There was little need for Liddiard to tell her how every precedent in life opposed the thing she had set herself to do. And once John had come in contact with life itself, how could she be sure the pressure of his thoughts would not be tinctured with regret. What more bitter inheritance, what more accusing testimony of her failure than that?

Not always a faun could she keep him. Not always with a dryad could he play in happy meadows. The world it seemed had grown too old, too worn, for that. Something must happen to stir human nature to its depths and rearrange the threadbare and accepted values before it could ever be young again.

Here she knew she was but dreaming dreams. There lay the abyss before her. Nothing in the wildest flights of her imagination she could conceive was able to fill its depths or make a bridge, however treacherous, to span it.

He had said it. These things were unanswerable in a practical world; and in a practical world there was no true sense of vision. The possessions of men had become their limitations. Beyond them and the ease they brought to the few years that were theirs, they could not see.

The vision she had had was but a glimpse; a world beyond, not a world about her. As Liddiard watched her, she sank her head upon her knees. He thought she had turned to tears. But a heart, breaking, turns to that water that does not flow out of the eyes.

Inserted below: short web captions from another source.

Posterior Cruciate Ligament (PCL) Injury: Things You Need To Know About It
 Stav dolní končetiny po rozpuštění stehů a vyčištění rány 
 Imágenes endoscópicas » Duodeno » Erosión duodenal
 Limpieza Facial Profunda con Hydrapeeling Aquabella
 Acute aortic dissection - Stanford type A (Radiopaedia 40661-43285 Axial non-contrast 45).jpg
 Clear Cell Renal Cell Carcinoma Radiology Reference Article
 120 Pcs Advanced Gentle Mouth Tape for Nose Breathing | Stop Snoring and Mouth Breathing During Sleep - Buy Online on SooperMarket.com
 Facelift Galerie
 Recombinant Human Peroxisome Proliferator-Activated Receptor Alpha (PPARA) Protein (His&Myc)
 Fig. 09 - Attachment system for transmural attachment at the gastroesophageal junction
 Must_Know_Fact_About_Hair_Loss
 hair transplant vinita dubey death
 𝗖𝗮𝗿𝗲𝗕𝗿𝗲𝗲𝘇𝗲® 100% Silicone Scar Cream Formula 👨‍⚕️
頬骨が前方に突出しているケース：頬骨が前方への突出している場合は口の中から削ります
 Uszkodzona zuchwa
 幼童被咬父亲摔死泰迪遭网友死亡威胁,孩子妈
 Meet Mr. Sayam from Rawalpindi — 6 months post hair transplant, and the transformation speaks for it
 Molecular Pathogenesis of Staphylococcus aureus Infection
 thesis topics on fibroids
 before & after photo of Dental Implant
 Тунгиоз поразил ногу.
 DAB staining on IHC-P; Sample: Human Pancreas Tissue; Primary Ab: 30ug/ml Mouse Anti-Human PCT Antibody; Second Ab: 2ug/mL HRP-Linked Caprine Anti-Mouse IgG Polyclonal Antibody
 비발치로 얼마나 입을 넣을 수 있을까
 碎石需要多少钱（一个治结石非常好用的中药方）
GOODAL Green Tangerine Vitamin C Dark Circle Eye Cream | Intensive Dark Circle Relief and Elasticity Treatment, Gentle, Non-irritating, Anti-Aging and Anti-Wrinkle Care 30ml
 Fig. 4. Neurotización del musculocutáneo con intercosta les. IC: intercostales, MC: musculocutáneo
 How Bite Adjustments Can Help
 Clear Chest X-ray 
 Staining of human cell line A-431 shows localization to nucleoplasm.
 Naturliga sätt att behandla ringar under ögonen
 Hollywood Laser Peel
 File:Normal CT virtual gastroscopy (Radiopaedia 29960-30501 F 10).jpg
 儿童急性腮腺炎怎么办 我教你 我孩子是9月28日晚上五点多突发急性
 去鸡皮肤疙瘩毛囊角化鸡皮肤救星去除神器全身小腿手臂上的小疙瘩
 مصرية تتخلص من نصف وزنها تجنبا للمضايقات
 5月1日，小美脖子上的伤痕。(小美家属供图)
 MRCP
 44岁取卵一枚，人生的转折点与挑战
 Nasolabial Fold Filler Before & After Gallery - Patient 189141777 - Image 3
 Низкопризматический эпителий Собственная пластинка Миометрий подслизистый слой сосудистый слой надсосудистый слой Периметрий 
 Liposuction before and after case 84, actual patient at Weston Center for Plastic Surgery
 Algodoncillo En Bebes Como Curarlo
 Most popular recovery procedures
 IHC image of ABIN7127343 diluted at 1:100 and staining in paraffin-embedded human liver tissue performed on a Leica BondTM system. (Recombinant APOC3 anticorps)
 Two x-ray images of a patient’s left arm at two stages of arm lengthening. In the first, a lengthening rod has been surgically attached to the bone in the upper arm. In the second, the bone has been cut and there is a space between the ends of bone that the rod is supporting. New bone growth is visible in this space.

He thought she had turned to weeping and in genuine sympathy laid his hand gently on her arm. And this was the spear thrust that set free the water from the gash his touching hand made in her side.

She drew away and lifted her head and looked at him.

"You're strangling all the joy in the world," she said.

III

There came the sound of a voice through the willow trees, across the other side of the stream. It was a sturdy voice, high and ringing with encouragement.